Review of 2020 goals. 

  • SLOW DOWN. I want to have and make the time to play, engage in my hobbies, explore, entertain, cultivate relationships. I've been too drained and busy and stressed to do those things and I want to fight through the things I *have* to do to get to a place where things I *want* to do are woven in. I want to feel the peace and contentment that comes from not being over-scheduled all the time. 
  • Write a book outline.
  • Build a good credit score. Getting a credit card has been such a huge obstacle for me. 
  • Spend intentional time with each of my boys, not multitasking.
  • Take a digital design class. I doubt this will happen in 2020, but it's a goal to keep in my head.
  • Get a website and a start a mailing list. 

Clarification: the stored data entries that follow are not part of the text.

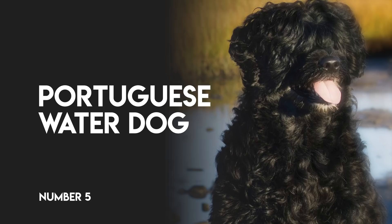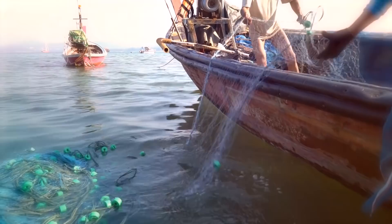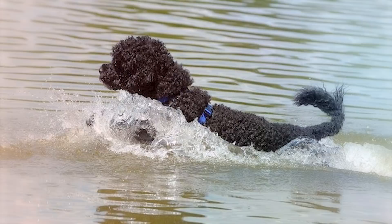Number 5: Portuguese Water Dog. The Portuguese Water Dog is a water dog from Portugal, where it was used to herd fish into fishermen's nets. They were also employed to retrieve broken nets and lost tackle and are still very good swimmers.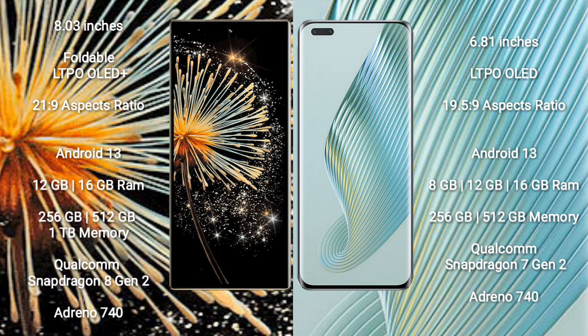Xiaomi Mix Fold 3 runs on the Android 13 operating system. Honor Magic 5 Pro also runs on the Android 13 operating system.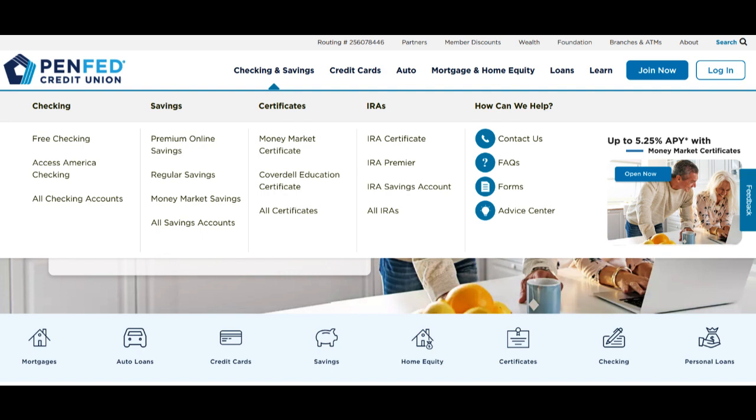Furthermore, the PenFed Visa Credit Card often has relatively strict application requirements, including credit score and financial history prerequisites. This could potentially restrict accessibility for those with limited credit history or lower credit scores, making it a less inclusive option compared to credit cards with more lenient approval criteria.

I'm thankful to feel like I've found security in my purpose recently. With that, my need to map out my future feels diminished. After thinking for a few days, I still found some goals for 2021, but they're less work or growth related than usual. It goes without saying that I'd like to grow and mature in the areas that I am "finding my place" in the community and the personal and practical work that entails. 

Goals for 2021:

  • try more of the Lompoc underground food scene
  • fix my hair
  • source my dream 2-piece suit 
  • plan a Japan trip 
  • more crafts/creative projects
  • focus less on imaginary/undefined evils (I can get caught up in railing against ideas instead of loving whoever is right in front of me)
And to all, an apocalyptic new year.